Unidad de Investigación en Medicina Experimental, Facultad de Medicina, Universidad Nacional Autónoma de México, Mexico City, Mexico.
Posgrado en Ciencias Biológicas, Unidad de Posgrado, Edificio D, 1° Piso, Circuito de Posgrados, Universidad Nacional Autónoma de México, Mexico City, Mexico.
Cancer Med. 2023 Jul;12(14):15632-15649. doi: 10.1002/cam4.6123. Epub 2023 Jun 16.
Patients with cervical cancer (CC) may experience local recurrence very often after treatment; when only clinical parameters are used, most cases are diagnosed in late stages, which decreases the chance of recovery. Molecular markers can improve the prediction of clinical outcome. Glycolysis is altered in 70% of CCs, so molecular markers of this pathway associated with the aggressiveness of CC can be identified.

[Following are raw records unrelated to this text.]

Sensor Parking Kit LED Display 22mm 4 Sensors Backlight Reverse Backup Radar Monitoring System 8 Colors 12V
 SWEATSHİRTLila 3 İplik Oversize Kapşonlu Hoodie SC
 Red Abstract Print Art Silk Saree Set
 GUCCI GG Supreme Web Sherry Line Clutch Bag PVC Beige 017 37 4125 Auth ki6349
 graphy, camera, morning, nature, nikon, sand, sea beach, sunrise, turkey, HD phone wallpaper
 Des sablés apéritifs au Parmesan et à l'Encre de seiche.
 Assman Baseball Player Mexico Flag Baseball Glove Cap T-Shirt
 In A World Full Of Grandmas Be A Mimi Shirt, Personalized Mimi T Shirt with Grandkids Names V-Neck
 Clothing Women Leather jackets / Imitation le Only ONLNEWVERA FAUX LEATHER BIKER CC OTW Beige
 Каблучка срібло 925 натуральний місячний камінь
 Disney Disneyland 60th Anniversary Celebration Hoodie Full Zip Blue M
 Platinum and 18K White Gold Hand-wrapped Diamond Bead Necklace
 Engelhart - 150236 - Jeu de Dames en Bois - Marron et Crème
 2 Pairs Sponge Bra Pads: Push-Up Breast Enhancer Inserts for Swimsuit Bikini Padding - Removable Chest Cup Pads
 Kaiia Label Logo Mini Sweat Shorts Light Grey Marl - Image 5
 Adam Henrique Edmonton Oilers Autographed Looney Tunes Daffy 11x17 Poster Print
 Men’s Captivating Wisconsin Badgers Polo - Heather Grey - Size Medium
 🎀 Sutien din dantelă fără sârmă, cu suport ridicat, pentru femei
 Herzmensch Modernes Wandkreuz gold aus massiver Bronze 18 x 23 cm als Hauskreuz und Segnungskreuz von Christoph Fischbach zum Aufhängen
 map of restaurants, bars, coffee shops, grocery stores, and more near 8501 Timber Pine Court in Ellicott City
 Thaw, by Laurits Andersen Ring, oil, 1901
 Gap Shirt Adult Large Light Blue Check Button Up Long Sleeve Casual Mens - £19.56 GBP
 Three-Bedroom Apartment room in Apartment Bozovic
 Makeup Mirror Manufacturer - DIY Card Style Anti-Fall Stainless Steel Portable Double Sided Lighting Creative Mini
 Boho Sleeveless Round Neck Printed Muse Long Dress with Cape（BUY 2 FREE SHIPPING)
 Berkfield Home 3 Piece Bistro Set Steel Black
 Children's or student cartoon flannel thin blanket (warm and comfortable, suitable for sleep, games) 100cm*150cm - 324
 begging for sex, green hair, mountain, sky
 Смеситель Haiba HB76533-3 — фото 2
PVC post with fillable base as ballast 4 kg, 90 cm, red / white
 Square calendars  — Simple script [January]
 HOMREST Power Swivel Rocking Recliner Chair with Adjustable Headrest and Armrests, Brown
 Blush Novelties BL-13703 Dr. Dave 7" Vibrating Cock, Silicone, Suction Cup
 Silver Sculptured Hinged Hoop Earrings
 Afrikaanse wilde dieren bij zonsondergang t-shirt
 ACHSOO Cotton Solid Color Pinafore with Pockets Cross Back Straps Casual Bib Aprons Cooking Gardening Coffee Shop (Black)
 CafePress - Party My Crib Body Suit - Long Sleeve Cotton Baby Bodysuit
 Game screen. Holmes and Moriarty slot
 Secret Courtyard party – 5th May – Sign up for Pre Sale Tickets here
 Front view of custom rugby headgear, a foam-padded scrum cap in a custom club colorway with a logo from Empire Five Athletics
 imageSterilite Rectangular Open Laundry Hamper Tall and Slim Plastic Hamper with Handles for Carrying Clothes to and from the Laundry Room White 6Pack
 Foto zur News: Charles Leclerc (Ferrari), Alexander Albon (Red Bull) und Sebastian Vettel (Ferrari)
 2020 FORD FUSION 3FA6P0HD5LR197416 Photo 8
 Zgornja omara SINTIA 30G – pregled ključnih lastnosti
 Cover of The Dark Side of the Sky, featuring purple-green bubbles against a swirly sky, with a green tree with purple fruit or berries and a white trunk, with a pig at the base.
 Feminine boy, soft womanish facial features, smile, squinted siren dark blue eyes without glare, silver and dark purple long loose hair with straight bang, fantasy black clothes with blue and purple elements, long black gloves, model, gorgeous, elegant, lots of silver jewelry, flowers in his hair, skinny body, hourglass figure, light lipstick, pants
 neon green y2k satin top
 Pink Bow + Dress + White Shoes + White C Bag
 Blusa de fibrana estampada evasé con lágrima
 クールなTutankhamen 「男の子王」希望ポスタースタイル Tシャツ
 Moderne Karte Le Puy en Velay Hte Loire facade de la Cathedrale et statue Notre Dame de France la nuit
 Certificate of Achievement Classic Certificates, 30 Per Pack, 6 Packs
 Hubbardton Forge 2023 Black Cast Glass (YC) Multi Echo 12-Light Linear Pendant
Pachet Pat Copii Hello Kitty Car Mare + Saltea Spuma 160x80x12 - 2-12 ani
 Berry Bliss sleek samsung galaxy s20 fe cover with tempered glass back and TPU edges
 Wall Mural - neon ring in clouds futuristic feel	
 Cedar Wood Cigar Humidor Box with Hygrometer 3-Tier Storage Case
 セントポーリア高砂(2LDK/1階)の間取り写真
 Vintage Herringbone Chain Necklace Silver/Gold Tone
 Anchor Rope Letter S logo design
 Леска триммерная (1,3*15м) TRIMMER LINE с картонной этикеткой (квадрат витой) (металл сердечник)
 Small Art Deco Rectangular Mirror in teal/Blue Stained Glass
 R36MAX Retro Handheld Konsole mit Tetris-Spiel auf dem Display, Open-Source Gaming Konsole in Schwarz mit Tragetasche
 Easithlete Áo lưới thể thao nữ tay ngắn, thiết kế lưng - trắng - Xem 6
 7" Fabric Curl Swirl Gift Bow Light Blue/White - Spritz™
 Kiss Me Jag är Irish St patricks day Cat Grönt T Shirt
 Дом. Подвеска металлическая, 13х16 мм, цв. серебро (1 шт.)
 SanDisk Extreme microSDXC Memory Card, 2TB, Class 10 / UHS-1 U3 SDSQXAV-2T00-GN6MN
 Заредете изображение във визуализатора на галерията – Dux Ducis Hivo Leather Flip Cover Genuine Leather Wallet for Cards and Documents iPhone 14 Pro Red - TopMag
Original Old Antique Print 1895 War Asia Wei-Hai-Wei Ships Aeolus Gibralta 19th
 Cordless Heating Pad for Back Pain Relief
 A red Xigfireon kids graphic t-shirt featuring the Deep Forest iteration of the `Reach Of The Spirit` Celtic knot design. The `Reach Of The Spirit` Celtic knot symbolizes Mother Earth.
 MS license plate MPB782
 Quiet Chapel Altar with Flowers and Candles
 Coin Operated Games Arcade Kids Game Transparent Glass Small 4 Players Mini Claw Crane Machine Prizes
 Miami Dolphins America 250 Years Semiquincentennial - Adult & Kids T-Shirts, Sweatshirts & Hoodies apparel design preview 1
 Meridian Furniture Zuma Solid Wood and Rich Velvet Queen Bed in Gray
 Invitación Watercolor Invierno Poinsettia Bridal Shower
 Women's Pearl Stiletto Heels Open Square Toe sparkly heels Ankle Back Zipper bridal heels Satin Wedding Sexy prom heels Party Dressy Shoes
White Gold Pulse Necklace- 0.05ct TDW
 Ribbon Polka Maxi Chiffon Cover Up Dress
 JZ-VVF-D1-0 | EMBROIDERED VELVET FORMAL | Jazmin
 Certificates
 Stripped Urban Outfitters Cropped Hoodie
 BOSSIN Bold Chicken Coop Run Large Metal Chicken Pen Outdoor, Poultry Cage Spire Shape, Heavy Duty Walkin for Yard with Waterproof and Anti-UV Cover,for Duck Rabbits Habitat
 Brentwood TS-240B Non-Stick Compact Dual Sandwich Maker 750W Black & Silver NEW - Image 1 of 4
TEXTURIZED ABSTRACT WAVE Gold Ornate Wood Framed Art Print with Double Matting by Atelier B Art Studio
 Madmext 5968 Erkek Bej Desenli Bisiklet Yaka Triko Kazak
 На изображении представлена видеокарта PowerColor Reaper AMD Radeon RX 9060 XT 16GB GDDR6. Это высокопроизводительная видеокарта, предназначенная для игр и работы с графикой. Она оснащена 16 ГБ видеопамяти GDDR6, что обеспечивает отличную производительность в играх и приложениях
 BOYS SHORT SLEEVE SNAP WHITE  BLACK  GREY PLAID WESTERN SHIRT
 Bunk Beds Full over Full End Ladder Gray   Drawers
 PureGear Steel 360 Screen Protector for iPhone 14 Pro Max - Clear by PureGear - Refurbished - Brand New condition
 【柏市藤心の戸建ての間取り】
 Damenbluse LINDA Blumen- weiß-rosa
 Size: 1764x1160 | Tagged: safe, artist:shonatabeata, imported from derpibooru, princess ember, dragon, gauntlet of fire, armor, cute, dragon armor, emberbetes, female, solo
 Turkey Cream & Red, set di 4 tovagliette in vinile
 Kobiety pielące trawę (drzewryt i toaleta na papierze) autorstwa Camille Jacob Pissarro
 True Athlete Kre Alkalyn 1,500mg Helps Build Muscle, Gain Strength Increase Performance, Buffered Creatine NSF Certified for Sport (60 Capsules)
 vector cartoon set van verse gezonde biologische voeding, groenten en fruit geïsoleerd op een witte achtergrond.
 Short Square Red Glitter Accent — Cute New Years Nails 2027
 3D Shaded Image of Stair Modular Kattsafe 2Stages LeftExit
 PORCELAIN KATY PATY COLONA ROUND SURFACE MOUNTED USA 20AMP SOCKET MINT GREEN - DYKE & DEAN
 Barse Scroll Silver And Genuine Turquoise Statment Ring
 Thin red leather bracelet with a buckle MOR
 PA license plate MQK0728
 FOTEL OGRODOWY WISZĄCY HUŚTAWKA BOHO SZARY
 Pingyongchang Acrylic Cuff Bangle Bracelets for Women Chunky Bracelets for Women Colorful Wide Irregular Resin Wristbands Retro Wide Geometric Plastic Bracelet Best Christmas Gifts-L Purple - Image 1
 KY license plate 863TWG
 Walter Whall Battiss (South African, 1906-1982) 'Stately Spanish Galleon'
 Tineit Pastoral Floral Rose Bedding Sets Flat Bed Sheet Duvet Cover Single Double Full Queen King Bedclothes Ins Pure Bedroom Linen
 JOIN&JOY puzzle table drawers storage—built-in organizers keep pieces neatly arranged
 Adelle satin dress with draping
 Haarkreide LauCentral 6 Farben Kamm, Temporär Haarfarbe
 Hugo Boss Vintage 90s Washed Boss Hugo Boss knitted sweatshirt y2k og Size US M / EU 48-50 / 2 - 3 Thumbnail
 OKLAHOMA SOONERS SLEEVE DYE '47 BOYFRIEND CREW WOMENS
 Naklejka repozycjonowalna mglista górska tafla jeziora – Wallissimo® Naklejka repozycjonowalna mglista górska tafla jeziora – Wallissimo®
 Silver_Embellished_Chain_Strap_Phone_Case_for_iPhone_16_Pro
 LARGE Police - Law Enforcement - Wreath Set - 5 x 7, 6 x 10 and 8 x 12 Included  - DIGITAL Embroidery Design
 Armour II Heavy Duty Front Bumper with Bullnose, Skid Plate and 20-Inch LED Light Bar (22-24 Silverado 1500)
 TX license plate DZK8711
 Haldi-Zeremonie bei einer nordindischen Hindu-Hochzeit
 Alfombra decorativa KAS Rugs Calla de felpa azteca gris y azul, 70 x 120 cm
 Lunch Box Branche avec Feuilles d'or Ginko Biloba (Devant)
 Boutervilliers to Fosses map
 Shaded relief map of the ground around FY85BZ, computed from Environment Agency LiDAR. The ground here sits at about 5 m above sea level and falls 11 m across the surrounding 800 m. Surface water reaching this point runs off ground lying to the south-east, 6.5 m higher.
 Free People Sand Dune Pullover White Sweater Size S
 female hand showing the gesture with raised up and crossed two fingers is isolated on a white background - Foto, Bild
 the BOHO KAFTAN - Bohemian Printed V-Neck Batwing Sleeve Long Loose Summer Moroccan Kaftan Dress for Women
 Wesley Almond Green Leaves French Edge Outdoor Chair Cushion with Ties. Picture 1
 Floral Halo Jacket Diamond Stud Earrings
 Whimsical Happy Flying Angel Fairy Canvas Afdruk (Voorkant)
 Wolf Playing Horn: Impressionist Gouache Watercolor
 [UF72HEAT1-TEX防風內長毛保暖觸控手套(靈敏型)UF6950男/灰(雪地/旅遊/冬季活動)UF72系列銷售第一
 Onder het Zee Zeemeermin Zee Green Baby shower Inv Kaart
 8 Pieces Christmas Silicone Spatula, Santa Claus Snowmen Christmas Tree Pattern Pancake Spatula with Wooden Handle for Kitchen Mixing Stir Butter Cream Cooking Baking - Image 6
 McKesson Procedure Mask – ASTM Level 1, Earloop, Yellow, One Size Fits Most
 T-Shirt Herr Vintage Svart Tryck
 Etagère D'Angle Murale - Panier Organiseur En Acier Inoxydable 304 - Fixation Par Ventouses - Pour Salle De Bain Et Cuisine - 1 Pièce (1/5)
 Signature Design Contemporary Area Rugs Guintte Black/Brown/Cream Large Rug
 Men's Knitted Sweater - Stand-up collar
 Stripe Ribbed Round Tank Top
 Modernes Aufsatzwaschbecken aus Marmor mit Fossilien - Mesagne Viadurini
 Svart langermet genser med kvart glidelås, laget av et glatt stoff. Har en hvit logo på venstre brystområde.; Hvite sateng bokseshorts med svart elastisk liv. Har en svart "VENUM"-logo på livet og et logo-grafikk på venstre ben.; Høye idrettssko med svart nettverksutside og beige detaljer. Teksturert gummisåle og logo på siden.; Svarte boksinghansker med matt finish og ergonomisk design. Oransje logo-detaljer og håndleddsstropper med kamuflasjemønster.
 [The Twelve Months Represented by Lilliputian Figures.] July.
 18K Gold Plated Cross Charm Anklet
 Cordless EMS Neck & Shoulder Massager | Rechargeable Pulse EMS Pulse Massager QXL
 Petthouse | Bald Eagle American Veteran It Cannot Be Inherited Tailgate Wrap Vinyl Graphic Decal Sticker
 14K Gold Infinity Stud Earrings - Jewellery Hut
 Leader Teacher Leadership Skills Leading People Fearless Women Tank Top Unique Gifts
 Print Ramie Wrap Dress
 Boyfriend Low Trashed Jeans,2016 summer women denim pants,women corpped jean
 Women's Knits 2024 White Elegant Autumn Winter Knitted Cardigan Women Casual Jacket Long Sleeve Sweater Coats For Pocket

The expression of 14 glycolytic genes was analyzed in 97 CC and 29 healthy cervical tissue (HCT) with microarray; only LDHA and PFKP were validated at the mRNA and protein levels in 36 of those CC samples and in 109 new CC samples, and 31 HCT samples by qRT-PCR, Western blotting, or immunohistochemistry. A replica analysis was performed on 295 CC from The Cancer Genome Atlas (TCGA) database.
The protein expression of LDHA and PFKP was associated with poor overall survival [OS: LDHA HR = 4.0 (95% CI = 1.4-11.1); p = 8.0 × 10 ; PFKP HR = 3.3 (95% CI = 1.1-10.5); p = 4.0 × 10 ] and disease-free survival [DFS: LDHA HR = 4.5 (95% CI = 1.9-10.8); p = 1.0 × 10 ; PFKP HR = 3.2 (95% CI = 1.2-8.2); p = 1.8 × 10 ] independent of FIGO clinical stage, and the results for mRNA expression were similar. The risk of death was greater in patients with overexpression of both biomarkers than in patients with advanced FIGO stage [HR = 8.1 (95% CI = 2.6-26.1; p = 4.3 × 10 ) versus HR = 7 (95% CI 1.6-31.1, p = 1.0 × 10 )] and increased exponentially as the expression of LDHA and PFKP increased.
LDHA and PFKP overexpression at the mRNA and protein levels was associated with poor OS and DFS and increased risk of death in CC patients regardless of FIGO stage. The measurement of these two markers could be very useful for evaluating clinical evolution and the risk of death from CC and could facilitate better treatment decision making.
宫颈癌(CC)患者在治疗后可能经常出现局部复发;当仅使用临床参数时,大多数病例被诊断为晚期,这降低了康复的机会。分子标志物可以改善临床结局的预测。70%的 CC 中糖酵解发生改变,因此可以识别与 CC 侵袭性相关的该途径的分子标志物。
使用微阵列分析 97 例 CC 和 29 例健康宫颈组织(HCT)中的 14 个糖酵解基因的表达;仅在 36 例 CC 样本和 109 例新 CC 样本以及 31 例 HCT 样本中,通过 qRT-PCR、Western blotting 或免疫组织化学验证 LDHA 和 PFKP 的 mRNA 和蛋白质水平。在癌症基因组图谱(TCGA)数据库中的 295 例 CC 中进行了复制分析。
LDHA 和 PFKP 的蛋白表达与总生存期不良相关[OS:LDHA HR=4.0(95%CI=1.4-11.1);p=8.0×10-4;PFKP HR=3.3(95%CI=1.1-10.5);p=4.0×10-4]和无病生存期[DFS:LDHA HR=4.5(95%CI=1.9-10.8);p=1.0×10-4;PFKP HR=3.2(95%CI=1.2-8.2);p=1.8×10-4]独立于 FIGO 临床分期,mRNA 表达的结果相似。与晚期 FIGO 分期的患者相比,同时表达两种生物标志物的患者死亡风险更高[HR=8.1(95%CI=2.6-26.1;p=4.3×10-4)与 HR=7(95%CI 1.6-31.1,p=1.0×10-4)],并且随着 LDHA 和 PFKP 表达的增加而呈指数级增加。
在 mRNA 和蛋白质水平上的 LDHA 和 PFKP 过表达与宫颈癌患者的总生存期和无病生存期不良以及死亡风险增加相关,而与 FIGO 分期无关。这两种标志物的测量对于评估宫颈癌的临床演变和死亡风险非常有用,并可以促进更好的治疗决策。